Je suis toute cette semaine en résidence artistique dans le cadre du festival photo de Montmélian en Savoie (73). J’ai été invité par Christophe Billon, son directeur, à réaliser une carte blanche avec pour seule contrainte, celle du territoire de Montmélian. L’objectif de cette résidence est de produire une série photographique qui sera exposée à partir du 25 juin, dans les rues de la ville de Montmélian, dans le cadre de son festival photo annuel.

Quel luxe d’avoir à la fois une carte blanche et un budget pour travailler sur le thème de mon choix et de la façon dont je l’entends, sans contrainte. 1000 mercis Christophe pour cette opportunité.

J’ai décidé d’orienter mon travail autour de la thématique de la migration et in fine réaliser des portraits de personnes réfugiées. C’est une envie qui me tient à coeur depuis plusieurs années et je suis heureux d’avoir aujourd’hui cette chance de la mettre en œuvre. C’est ma façon de m’engager à la fois en faveur d’une plus grande compréhension de l’autre et contre les préjugés que bien trop érigent comme des frontières. Après tout, la photographie peut servir de nombreux desseins.

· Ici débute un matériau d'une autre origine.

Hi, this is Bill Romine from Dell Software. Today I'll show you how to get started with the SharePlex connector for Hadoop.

Depuis mon travail sur les soeurs hospitalières de Beaune (produit entre 2019 et 2022), quelque chose s’est révélé à moi. Travailler à la chambre et en couleur m’a beaucoup touché. Cela a même changé ma façon d’appréhender la photographie. J’y ai vu là une forme de consécration intérieure, pour son éloge de la lenteur et cette façon de se rapprocher de l’origine du médium, sa source.

Alors pour cette résidence savoyarde, tout s’est imposé à moi. Je travaille à la chambre argentique 4×5 inch. Avec du film noir et blanc. J’ai imaginé ces portraits devant un simple morceau d’étoffe, en lumière naturelle et en intérieur. L’idée est d’avoir des portraits très doux de toutes ces personnes, à l’intérieur d’un dispositif enveloppant. Je prends deux portraits de chacun, deux plans différents, je ne sais pas encore lequel me satisfera le plus, même si je penche pour le plan le plus serré. Ce sera à mesurer une fois les positifs développés.

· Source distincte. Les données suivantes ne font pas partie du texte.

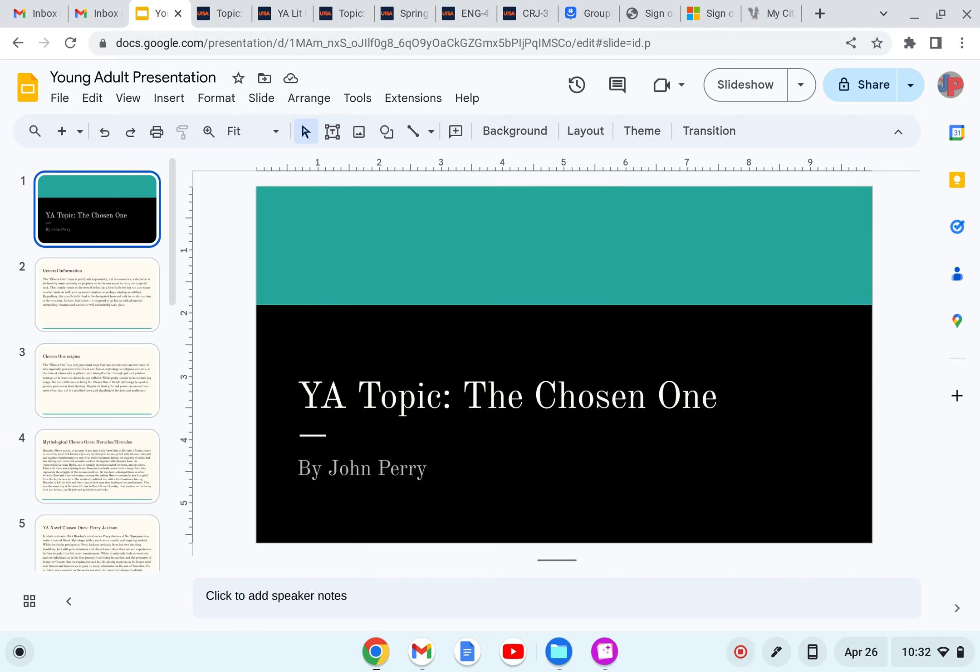Hello everyone, my name is John Perry, and today my young adult topic is about the Chosen One.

J’ai choisi un film noir et blanc au grain très fin. J’aurai aimé travailler en couleurs mais dans ce format, le coût est élevé. Et puis le noir et blanc me permet de developper moi-même les films. J’aime avoir la maîtrise de l’ensemble du processus, de l’idée jusqu’à sa mise en œuvre. Les après-midi je photographie au Foyer des Jeunes Travailleurs de Montmélian. Et le matin, je développe mes plans films à la maison. Il me restera à les scanner pour les transmettre au festival. Et bien-sûr de faire les tirages contact, que j’offrirai à chacun(e) des participant(e) de ce projet.

Je ne m’interdis pas à posteriori de coloriser ces portraits. Là aussi, ça fait des années que je tourne autour de ce fantasme, que je sais possible grâce à Jean-Pol Sterck, gourou belge des techniques photographiques créatives. Car je ne veux pas le faire sous photoshop. Trop facile et surtout pas assez artisanal. J’aime le travail dans la matière. C’est aussi pour cela que je travaille en argentique. Car le négatif existe dans la matière, c’est un objet.

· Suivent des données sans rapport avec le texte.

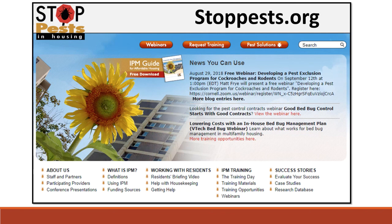Thank you for participating in this online training module, An Introduction to IPM. There are three additional modules in this series, one for each of the priority pests — cockroaches, rodents, and bed bugs. Please remember that many of the resources mentioned are available on our website, StopPests.org. Please take the short quiz that follows for certification that you have successfully completed this module.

Je dois préciser que j’ai été accueilli formidablement par Julien Gabet, directeur du FJT et Dominique Vuillerot, responsable du CADA – Centre d’Accueil des Demandeurs d’Asile de Montmélian. Ils m’ont ouvert tous deux les portes de leur organisation et m’ont permis de faire ma résidence dans des conditions optimales. Qu’ils soient remercié ici tous les deux, merci Julien, merci Dominique et merci également Pauline, qui travaille au FJT.

J’aurai aimé avoir plus de temps et surtout de ne pas être blessé au pied pour poursuivre ce travail plus en profondeur. Mais c’est déjà une aventure passionnante. Dans quelques jours, je vous présenterai ce travail finalisé, son titre, son texte d’accompagnement et tous ces portraits de ces personnes qui m’ont accordé la confiance nécessaire afin que je puisse les regarder puis les photographier, dans un acte nécessaire de partage et de transmission. Que chacun(e) soient remercié(e) ici.